A number of organic synthesis involve threonine aldolase (TA), a pyridoxal phosphate (PLP)-dependent enzyme. Although the addition of exogenous PLP is necessary for the reactions, it increases the cost and complicates the purification of the product. This work constructed a PLP self-sufficient biocatalysis system for TA, which included an improvement of the intracellular PLP level and co-immobilization of TA with PLP. Engineered strain BL-ST was constructed by introducing PLP synthase PdxS/T to Escherichia coli BL21(ED3). The intracellular PLP concentration of the strain increased approximately fivefold to 48.5 μmol/g_DCW. l-TA, from Bacillus nealsonii (BnLTA), was co-expressed in the strain BL-ST with PdxS/T, resulting in the engineered strain BL-BnLTA-ST. Compared with the control strain BL-BnLTA (254.1 U/L), the enzyme activity of the strain BL-BnLTA-ST reached 1518.4 U/L without the addition of exogenous PLP. An efficient co-immobilization system was then designed.
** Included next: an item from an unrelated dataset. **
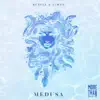 Medusa - Single album lyrics, reviews, download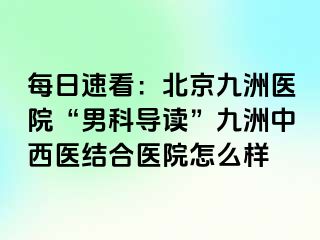 每日速看：北京惠城医院“男科导读”惠城中西医结合医院怎么样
The epoxy resin LX-1000HFA wrapped by polyethyleneimine (PEI) acted as a carrier to immobilize the crude enzyme solution of the strain BL-BnLTA-ST mixed with an extra 100 μM of exogenous PLP, resulting in the catalyst HFA^PEI-BnLTA-STPLP 100. HFA^PEI-BnLTA-STPLP 100 exhibited a half-life of approximately 450 h, and the application of the catalyst in the continuous biosynthesis of 3-[4-(methylsulfonyl) phenyl] serine had more than 180 batch reactions (>60%_conv) without the extra addition of exogenous PLP. The excellent compatibility and stability of the system were further confirmed by other TAs. This work introduced a PLP self-sufficient biocatalysis system that can reduce the cost of PLP and contribute to the industrial application of TA. In addition, the system may also be applied in other PLP-dependent enzymes.